### Activity
The answer is the line that contains "Niyad Farah with black eye" followed by every later line of the entries below, each repeated exactly, and nothing else.

### Task material

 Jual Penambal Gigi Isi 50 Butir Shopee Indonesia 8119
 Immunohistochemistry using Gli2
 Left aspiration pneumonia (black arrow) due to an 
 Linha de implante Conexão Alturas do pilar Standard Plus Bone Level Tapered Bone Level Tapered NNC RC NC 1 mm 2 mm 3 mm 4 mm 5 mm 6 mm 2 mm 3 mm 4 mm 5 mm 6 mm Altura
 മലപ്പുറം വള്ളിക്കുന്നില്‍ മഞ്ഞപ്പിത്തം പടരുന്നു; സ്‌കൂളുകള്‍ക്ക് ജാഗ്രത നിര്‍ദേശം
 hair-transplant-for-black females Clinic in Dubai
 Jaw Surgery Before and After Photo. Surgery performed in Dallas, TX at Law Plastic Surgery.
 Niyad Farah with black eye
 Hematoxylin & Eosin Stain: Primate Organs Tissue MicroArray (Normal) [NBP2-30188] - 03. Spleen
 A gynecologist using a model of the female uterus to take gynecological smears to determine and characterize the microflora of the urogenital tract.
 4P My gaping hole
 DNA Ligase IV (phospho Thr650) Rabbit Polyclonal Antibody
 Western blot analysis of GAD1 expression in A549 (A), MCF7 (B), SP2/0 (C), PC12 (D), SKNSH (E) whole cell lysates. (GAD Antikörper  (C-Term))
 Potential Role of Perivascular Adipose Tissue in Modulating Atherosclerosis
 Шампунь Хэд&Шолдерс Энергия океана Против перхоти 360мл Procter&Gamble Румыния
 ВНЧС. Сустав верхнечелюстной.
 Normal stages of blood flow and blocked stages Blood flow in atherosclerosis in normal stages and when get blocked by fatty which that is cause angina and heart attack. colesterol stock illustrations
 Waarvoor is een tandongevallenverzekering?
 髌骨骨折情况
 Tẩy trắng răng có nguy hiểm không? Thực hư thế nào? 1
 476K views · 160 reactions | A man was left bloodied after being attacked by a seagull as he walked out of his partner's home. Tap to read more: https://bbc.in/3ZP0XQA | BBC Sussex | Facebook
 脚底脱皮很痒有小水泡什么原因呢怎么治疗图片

### Solution to this problem
 Niyad Farah with black eye
 Hematoxylin & Eosin Stain: Primate Organs Tissue MicroArray (Normal) [NBP2-30188] - 03. Spleen
 A gynecologist using a model of the female uterus to take gynecological smears to determine and characterize the microflora of the urogenital tract.
 4P My gaping hole
 DNA Ligase IV (phospho Thr650) Rabbit Polyclonal Antibody
 Western blot analysis of GAD1 expression in A549 (A), MCF7 (B), SP2/0 (C), PC12 (D), SKNSH (E) whole cell lysates. (GAD Antikörper  (C-Term))
 Potential Role of Perivascular Adipose Tissue in Modulating Atherosclerosis
 Шампунь Хэд&Шолдерс Энергия океана Против перхоти 360мл Procter&Gamble Румыния
 ВНЧС. Сустав верхнечелюстной.
 Normal stages of blood flow and blocked stages Blood flow in atherosclerosis in normal stages and when get blocked by fatty which that is cause angina and heart attack. colesterol stock illustrations
 Waarvoor is een tandongevallenverzekering?
 髌骨骨折情况
 Tẩy trắng răng có nguy hiểm không? Thực hư thế nào? 1
 476K views · 160 reactions | A man was left bloodied after being attacked by a seagull as he walked out of his partner's home. Tap to read more: https://bbc.in/3ZP0XQA | BBC Sussex | Facebook
 脚底脱皮很痒有小水泡什么原因呢怎么治疗图片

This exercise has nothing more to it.